→ **INPUT MATERIAL**
++++
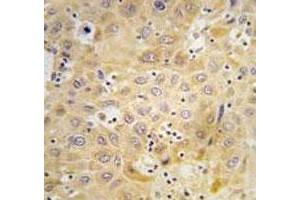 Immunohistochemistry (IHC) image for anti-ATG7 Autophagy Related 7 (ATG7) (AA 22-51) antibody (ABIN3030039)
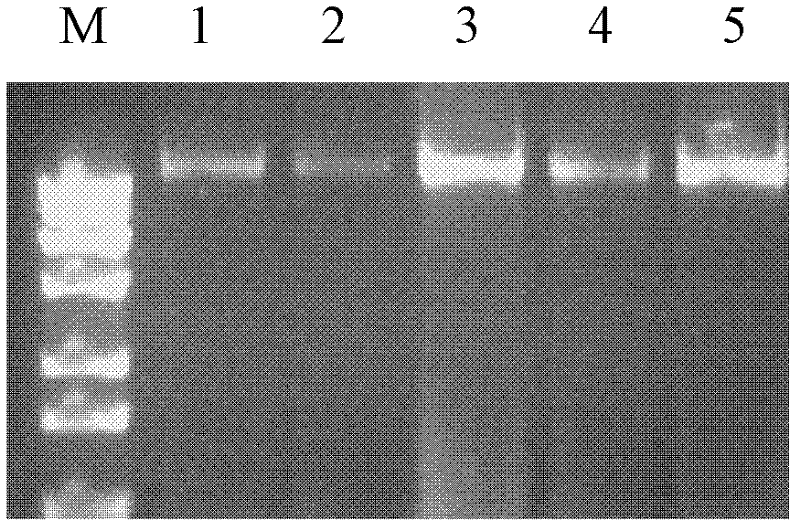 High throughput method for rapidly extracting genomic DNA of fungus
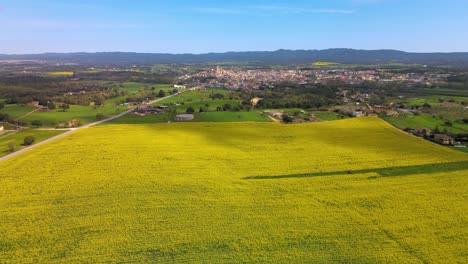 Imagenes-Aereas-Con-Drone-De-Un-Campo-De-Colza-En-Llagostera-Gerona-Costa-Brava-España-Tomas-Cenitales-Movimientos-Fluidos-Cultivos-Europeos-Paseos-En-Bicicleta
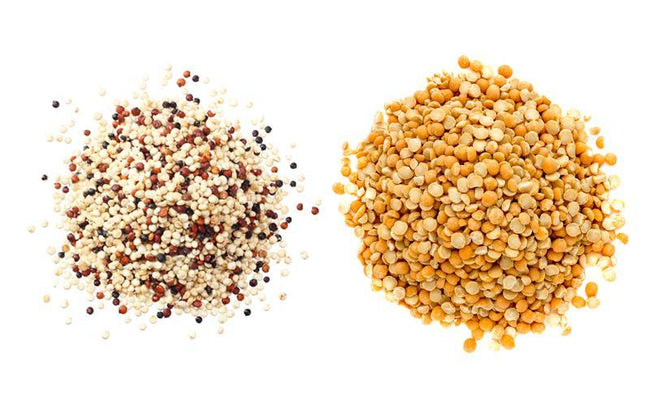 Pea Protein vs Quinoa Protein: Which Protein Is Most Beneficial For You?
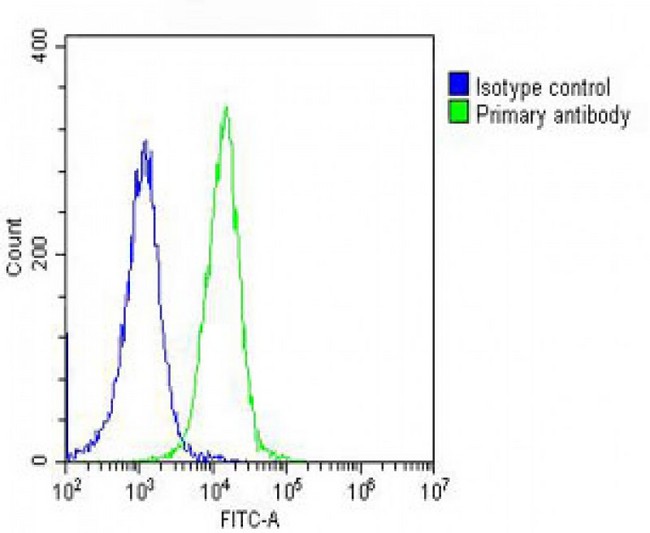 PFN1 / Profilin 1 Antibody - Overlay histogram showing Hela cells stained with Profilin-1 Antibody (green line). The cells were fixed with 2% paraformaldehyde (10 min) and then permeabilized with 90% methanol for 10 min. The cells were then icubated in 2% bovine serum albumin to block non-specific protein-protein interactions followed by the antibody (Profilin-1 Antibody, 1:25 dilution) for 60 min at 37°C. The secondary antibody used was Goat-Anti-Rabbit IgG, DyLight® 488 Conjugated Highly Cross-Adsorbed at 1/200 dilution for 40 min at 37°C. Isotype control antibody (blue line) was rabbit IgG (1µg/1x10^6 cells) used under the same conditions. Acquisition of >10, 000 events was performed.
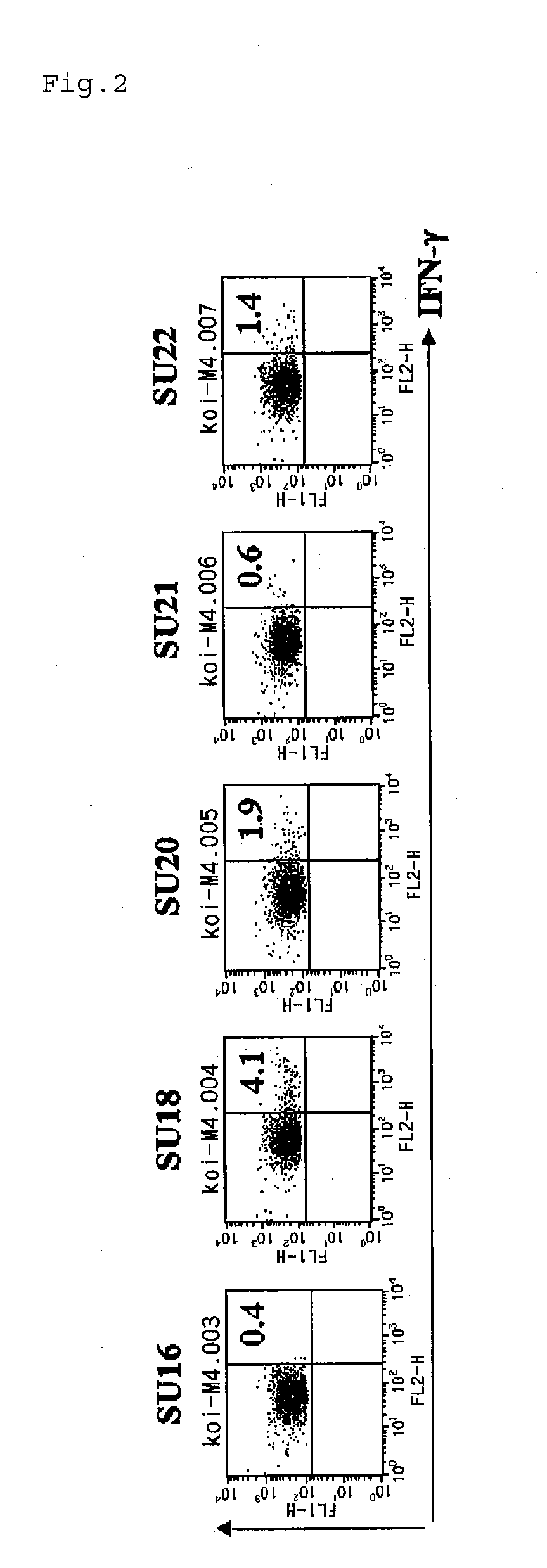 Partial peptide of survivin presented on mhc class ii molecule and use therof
++++
→ **YOUR OBJECTIVE**
Above are the records; copy from them only the lines starting at the one containing "Imagenes-Aerea" and ending at the one containing "Pea Protein vs", exactly and without pictures.

→ **RESPONSE BOX**
 Imagenes-Aereas-Con-Drone-De-Un-Campo-De-Colza-En-Llagostera-Gerona-Costa-Brava-España-Tomas-Cenitales-Movimientos-Fluidos-Cultivos-Europeos-Paseos-En-Bicicleta
 Pea Protein vs Quinoa Protein: Which Protein Is Most Beneficial For You?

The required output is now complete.